The patch titled
Subject: libnvdimm/pfn: fix fsdax-mode namespace info-block zero-fields
has been removed from the -mm tree. Its filename was
libnvdimm-pfn-fix-fsdax-mode-namespace-info-block-zero-fields.patch
This patch was dropped because it was merged into mainline or a subsystem tree
------------------------------------------------------
From: Dan Williams <dan.j.williams(a)intel.com>
Subject: libnvdimm/pfn: fix fsdax-mode namespace info-block zero-fields
At namespace creation time there is the potential for the "expected to be
zero" fields of a 'pfn' info-block to be filled with indeterminate data.
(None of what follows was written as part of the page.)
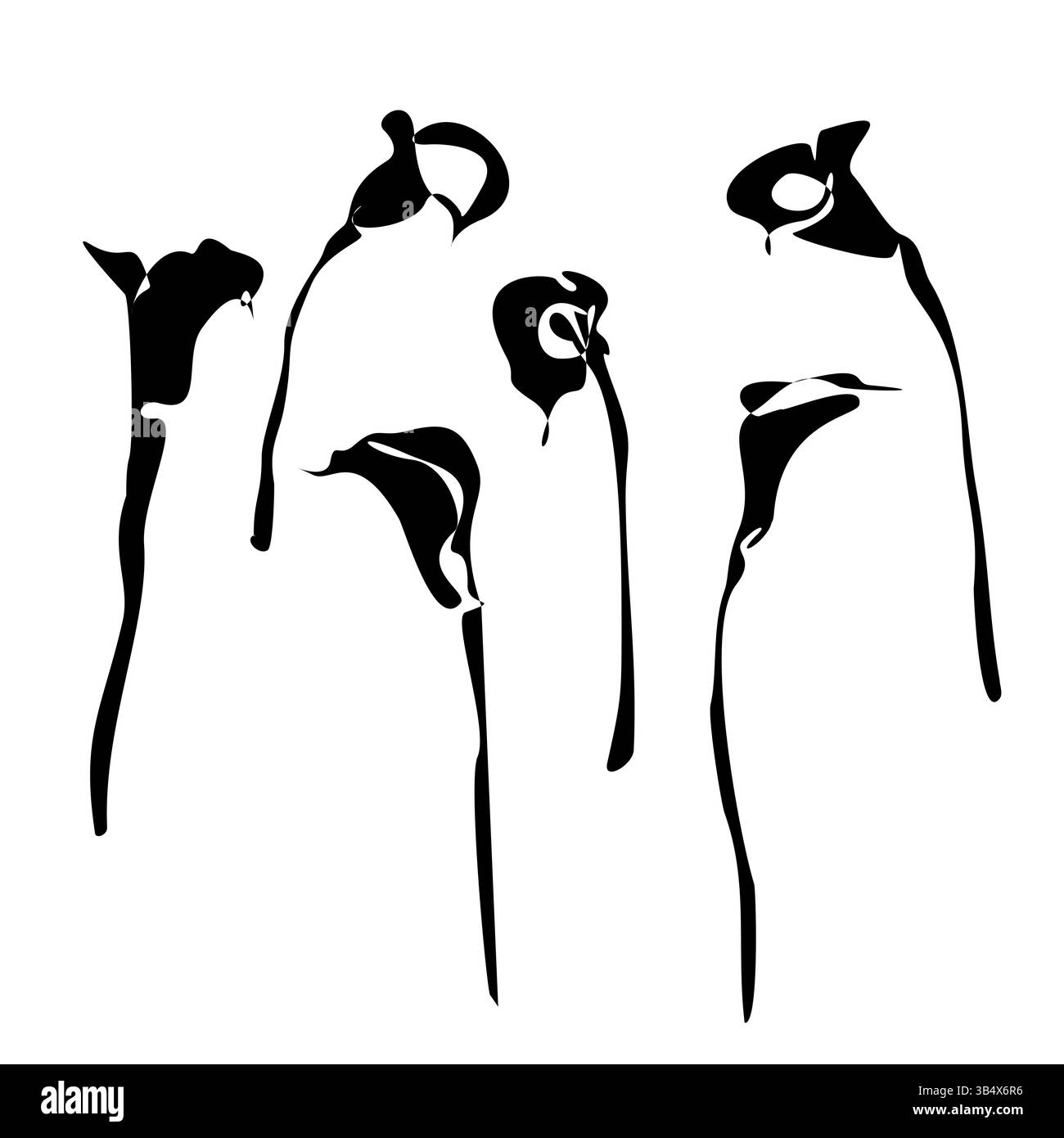 Set of luxury calla lily flowers and logo. Trendy botanical elements. Hand drawn black silhouette leaves branches and blooming. Wedding elegant wildfl Stock Vector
While the kernel buffer is zeroed on allocation it is immediately
overwritten by nd_pfn_validate() filling it with the current contents of
the on-media info-block location. For fields like, 'flags' and the
'padding' it potentially means that future implementations can not rely on
those fields being zero.
In preparation to stop using the 'start_pad' and 'end_trunc' fields for
section alignment, arrange for fields that are not explicitly initialized
to be guaranteed zero. Bump the minor version to indicate it is safe to
assume the 'padding' and 'flags' are zero. Otherwise, this corruption is
expected to benign since all other critical fields are explicitly
initialized.
Note The cc: stable is about spreading this new policy to as many kernels
as possible not fixing an issue in those kernels. It is not until the
change titled "libnvdimm/pfn: Stop padding pmem namespaces to section
alignment" where this improper initialization becomes a problem. So if
someone decides to backport "libnvdimm/pfn: Stop padding pmem namespaces
to section alignment" (which is not tagged for stable), make sure this
pre-requisite is flagged.
Link: http://lkml.kernel.org/r/156092356065.979959.6681003754765958296.stgit@dwil…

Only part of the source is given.